The runtime assumes the computer can avoid or manage logical errors throughout a process involving more than 6.5 billion Toffoli gate operations. The layout of the computation is broken down into three regions: a compute region that handles logic operations, a hot storage region that supports active qubit use, and a cold storage region designed for idle logical qubits at high density. These assumptions reflect hardware trends seen in the latest proposals for scalable quantum computers.

Narrowing The Gap

While the estimated hardware still doesn’t exist, the study narrows the gap between today’s experimental systems and a hypothetical attack machine. Superconducting and trapped-ion qubit platforms have already demonstrated some of the ingredients required, including surface codes and basic lattice surgery operations. Major quantum hardware firms such as IBM, Quantinuum and PsiQuantum have also published multi-year roadmaps targeting systems with hundreds of thousands to millions of qubits by the early 2030s.

Gidney’s analysis stresses that, despite the dramatic reduction in required resources, the threat remains hypothetical. The hardware to execute such a factoring attack is not yet available, and the estimate assumes idealized fault-tolerance and modular operations. Furthermore, he notes that pushing the requirement below the one-million-qubit mark would be significantly harder given current methods. The use of approximate methods introduces small probabilities of failure in each run, which are compensated by repeated trials and statistical filtering, but cannot be eliminated entirely.

Implications For PQC

Gidney points out this this isn’t a call to panic, but the results likely bolster calls by standards bodies such as NIST to migrate away from RSA and other vulnerable cryptographic protocols well before practical quantum computers arrive. NIST’s current guidance recommends deprecating these systems after 2030 and prohibiting them altogether after 2035 — a timeline that aligns with the long lead time necessary for infrastructure-wide upgrades across government, finance, healthcare and enterprise systems.

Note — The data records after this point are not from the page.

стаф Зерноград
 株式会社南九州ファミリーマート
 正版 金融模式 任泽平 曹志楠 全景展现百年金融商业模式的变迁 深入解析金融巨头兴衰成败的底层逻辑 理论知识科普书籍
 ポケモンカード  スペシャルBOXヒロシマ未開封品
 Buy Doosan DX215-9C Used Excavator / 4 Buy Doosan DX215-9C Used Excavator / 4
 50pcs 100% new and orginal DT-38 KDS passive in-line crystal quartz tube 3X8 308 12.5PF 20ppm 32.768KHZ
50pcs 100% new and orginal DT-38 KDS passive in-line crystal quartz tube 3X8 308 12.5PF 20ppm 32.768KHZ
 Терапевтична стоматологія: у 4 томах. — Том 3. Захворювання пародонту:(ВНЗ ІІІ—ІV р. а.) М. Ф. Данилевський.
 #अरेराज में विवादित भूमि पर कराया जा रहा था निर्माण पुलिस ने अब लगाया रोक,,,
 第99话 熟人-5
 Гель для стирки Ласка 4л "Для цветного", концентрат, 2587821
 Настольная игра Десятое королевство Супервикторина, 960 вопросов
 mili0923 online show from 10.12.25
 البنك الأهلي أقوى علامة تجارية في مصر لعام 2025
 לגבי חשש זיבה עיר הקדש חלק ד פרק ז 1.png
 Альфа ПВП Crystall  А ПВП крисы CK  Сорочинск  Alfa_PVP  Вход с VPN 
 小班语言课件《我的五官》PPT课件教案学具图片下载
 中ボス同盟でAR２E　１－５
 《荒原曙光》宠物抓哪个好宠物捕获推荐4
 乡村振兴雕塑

He writes: “Looking forward, I agree with the initial public draft of the NIST internal report on the transition to post-quantum cryptography standards [nist2024]: vulnerable systems should be deprecated after 2030 and disallowed after 2035. Not because I expect sufficiently large quantum computers to exist by 2030, but because I prefer security to not be contingent on progress being slow.”

By providing concrete parameters for what a real attack machine could look like, the study also gives hardware designers a target for evaluating readiness. Previous estimates ranged widely, often involving tens of millions of qubits and years of runtime. With a more grounded figure, the question becomes less about feasibility and more about when.

The paper includes extensive appendices with Python code, circuit layouts and mockups for the major components, including the arithmetic circuits and the lattice surgery operations. These engineering-level details make the study more than a theoretical advance — they offer a near-blueprint for implementation once hardware catches up.

The work also adds weight to the axiom in cryptography that “attacks always get better.” As algorithmic improvements continue and as qubit quality and gate fidelity improve, the real-world cost of quantum factoring may continue to fall.

The study and readers interested in the deeper details are encouraged to review the full text. It’s important to note that arXiv is a pre-print server, which allows researchers to receive quick feedback on their work. However, it is not — nor is this article, itself — official peer-review publications. Peer-review is an important step in the scientific process to verify the work.